* _ASSIGNED TASK_
Only the lines below from the one containing "JBL Flip 7 ลําโพงบลูทูธ" through the last line should be set down, exactly as written and with no pictures.

⟨

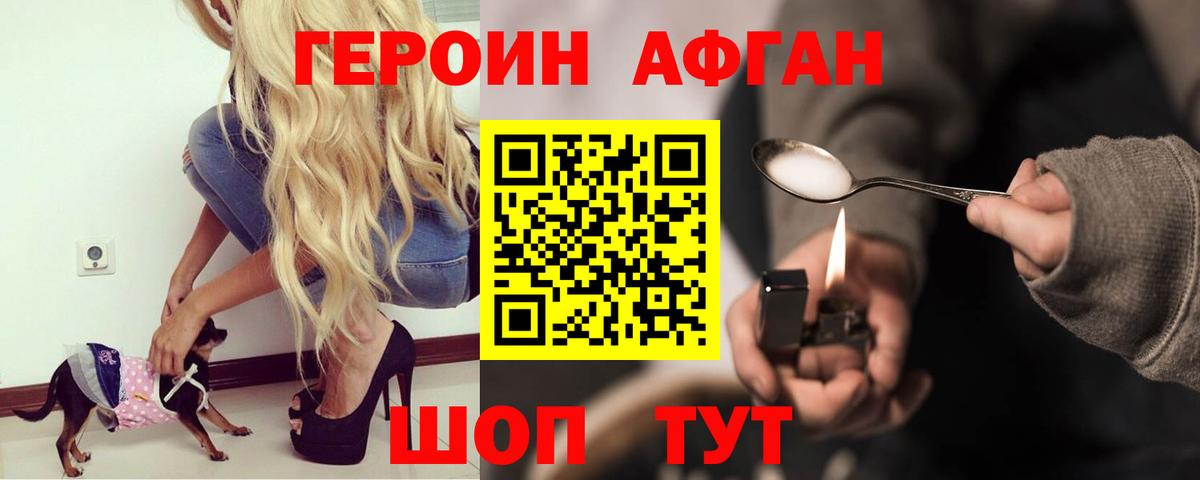 ГЕРОИН Афган  Вход с VPN  Звенигород 
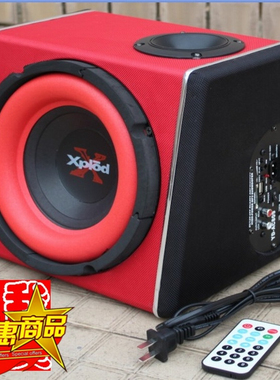 包邮梯形8寸低音炮880汽车低音炮车载音响电脑插卡低音炮蓝牙有源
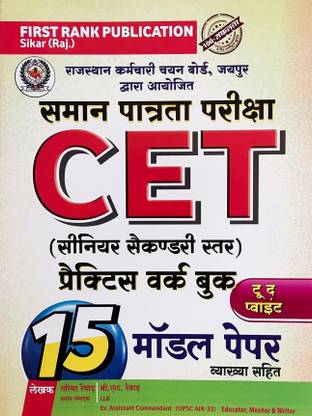 Cet 15 मॉडल पेपर प्रैक्टिस वर्क बुक [फर्स्ट रैंक पब्लिकेशन, इन हिंदी]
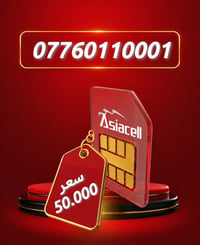🏆✨ ارقام مميزه للبيع – Asiacell ✨🏆 رقم سهل الحفظ بتسلسل مميز يناسب: ✔️...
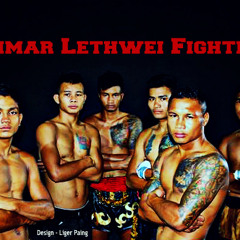 ဒါဒို႔ျမန္မာ- ဒါဒို႔ရိုးရာ ( ျမန္မာ့႐ိုးရာ လက္ေဝွ႕ ဂုဏ္ျပဳသီခ်င္း )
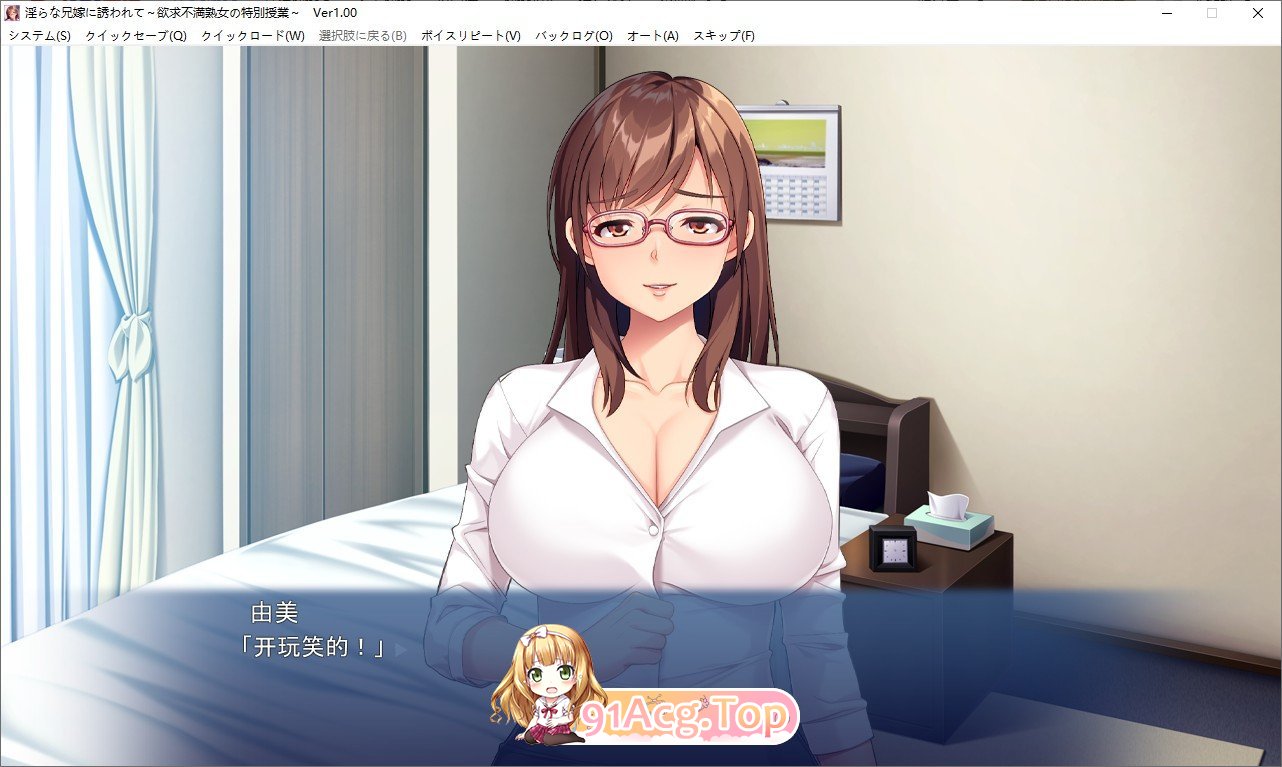 [拔作ADV/汉化/CV]被淫荡的嫂子邀请~欲求不满熟女的特别课程 AI汉化版+全CG存档[FM/百度/微云][480M]-第3张-游戏-风花雪月-ACG交流分享论坛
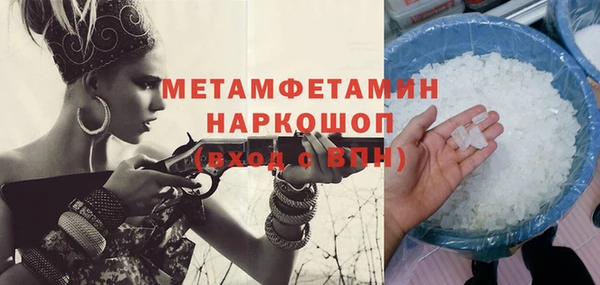 apvp Абаза
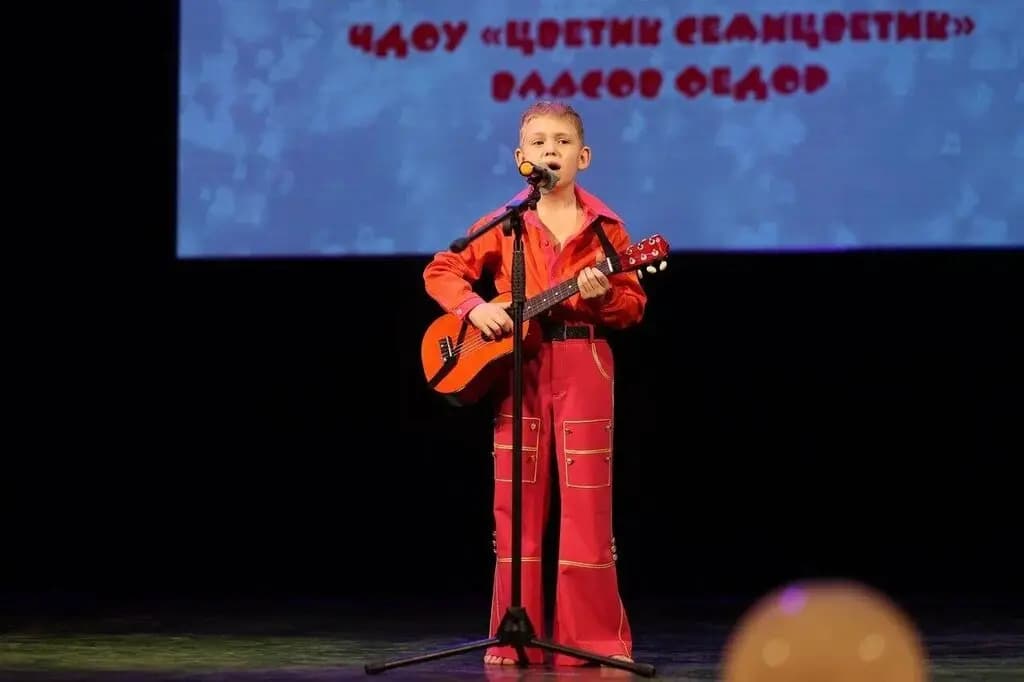 Цветик-семицветик — фото 5
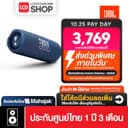 JBL Flip 7 ลําโพงบลูทูธ Flip7 กันน้ํา กันฝุ่น รับประกันศูนย์ไทย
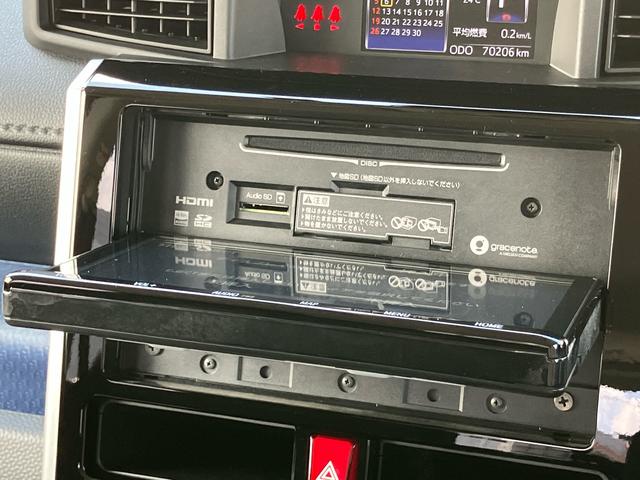 タンクカスタムＧ−Ｔモデリスタエアロ　ナビ／ＴＶ／ＤＶＤ／ＢＴ　バックカメラ　ドラレコ　ＥＴＣ　クルーズコントロール　ＬＥＤヘッドライト　オートライト　衝突軽減装置　コーナーセンサー　足踏み式駐車ブレーキ　アルミホイール（千葉県）の中古車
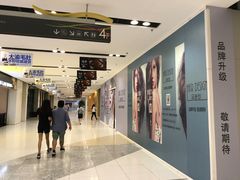-百盛(莘庄店)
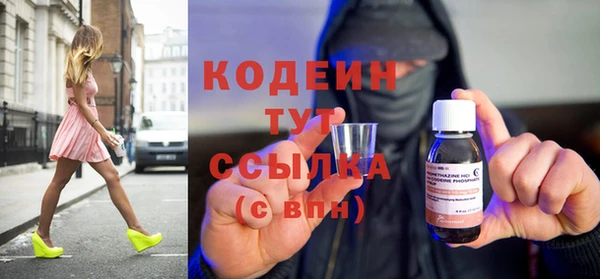 гашишное масло Осташков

⟩

* _RESPONSE_
 JBL Flip 7 ลําโพงบลูทูธ Flip7 กันน้ํา กันฝุ่น รับประกันศูนย์ไทย
 タンクカスタムＧ−Ｔモデリスタエアロ　ナビ／ＴＶ／ＤＶＤ／ＢＴ　バックカメラ　ドラレコ　ＥＴＣ　クルーズコントロール　ＬＥＤヘッドライト　オートライト　衝突軽減装置　コーナーセンサー　足踏み式駐車ブレーキ　アルミホイール（千葉県）の中古車
-百盛(莘庄店)
 гашишное масло Осташков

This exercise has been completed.